The construction of the original late Gothic core of Palazzo Traversa, dates back to  the middle of the 15th century, it  is traditionally attributed to a branch of the noble Malabaila family of Asti who moved to Bra, which would later succeed the Operti and Albrione.
The building is reproduced for the first time (1666) in the engraving of the Theatrum Sabaudiae that represents the city of Bra; later modifications and enlargements are found in the land registers of 1760 and 1811 and in a plan of the city of Bra in 1893. The tower above the corner of the boundary wall was added at the end of the nineteenth century by the initiative of Don Giacomo Traversa, then owner of the building.
In 1935 the palace was donated to the City of Bra specifying that it was bound to be a museum and for this purpose it was subjected to radical restoration in the 1980s.

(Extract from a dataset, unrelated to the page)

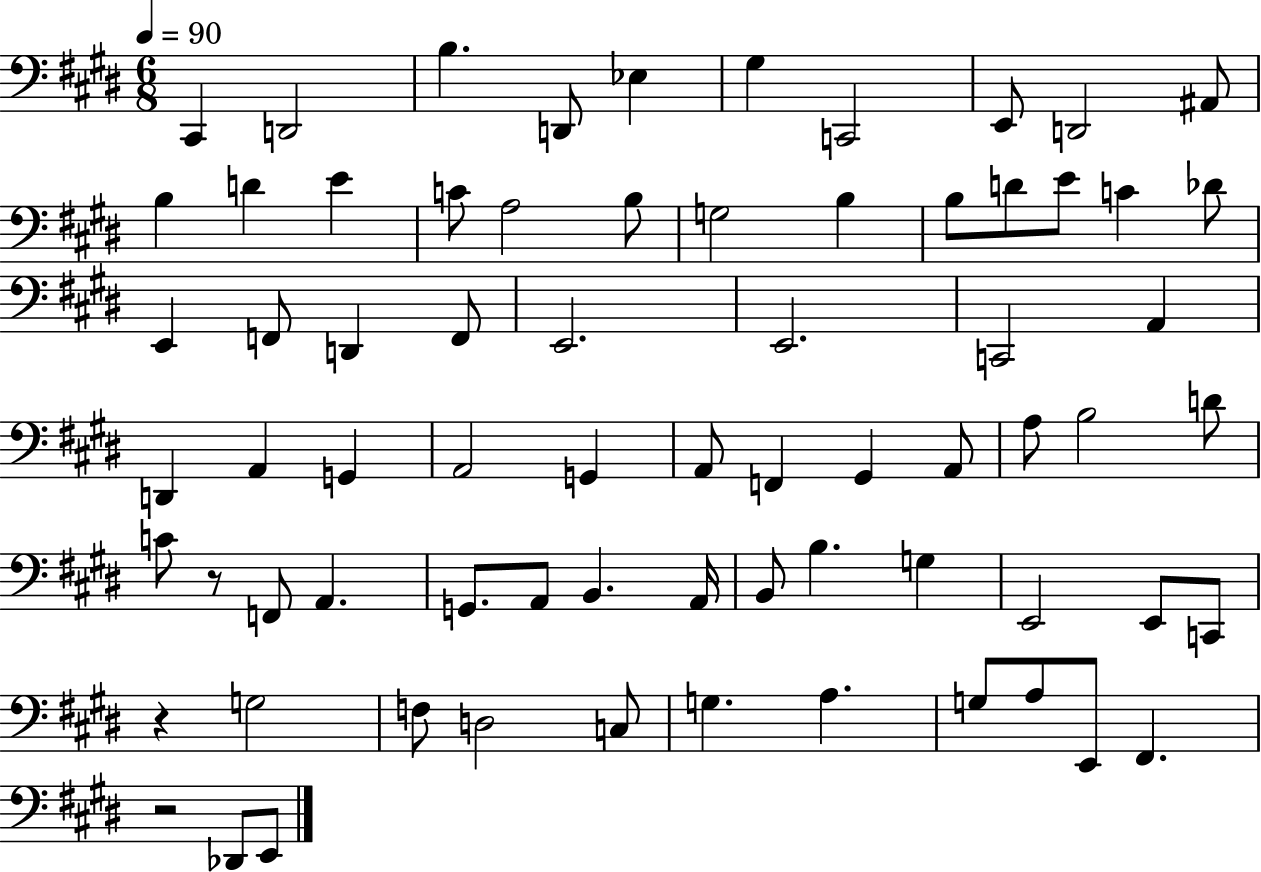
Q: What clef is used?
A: bass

The brick façade features three rows of double lancet windows, surrounded by terracotta tiles in the first two floors and in the last one by a white plaster frame marked  by ribbons at the height of the window sills.
In the southern façade there is a sundial, which was fresco painted in 1842.
On the eastern part on the inner courtyard there are three orders of galleries: large  round arches in plastered masonry on the main floor,  brick columns on the second floor , which support the wooden structures of the surviving balcony on the last floor.
Inside the palace we can see the coffered ceilings in the hall of the main floor and in some of the rooms. The frescoed coat of arms of the Albrione family can still be seen in the porch on the main floor, whereas in the decorative band  under the existing wooden ceiling of the living room on the second floor the  coats of arms of the Brizio, Malabaila and Pasero families are painted.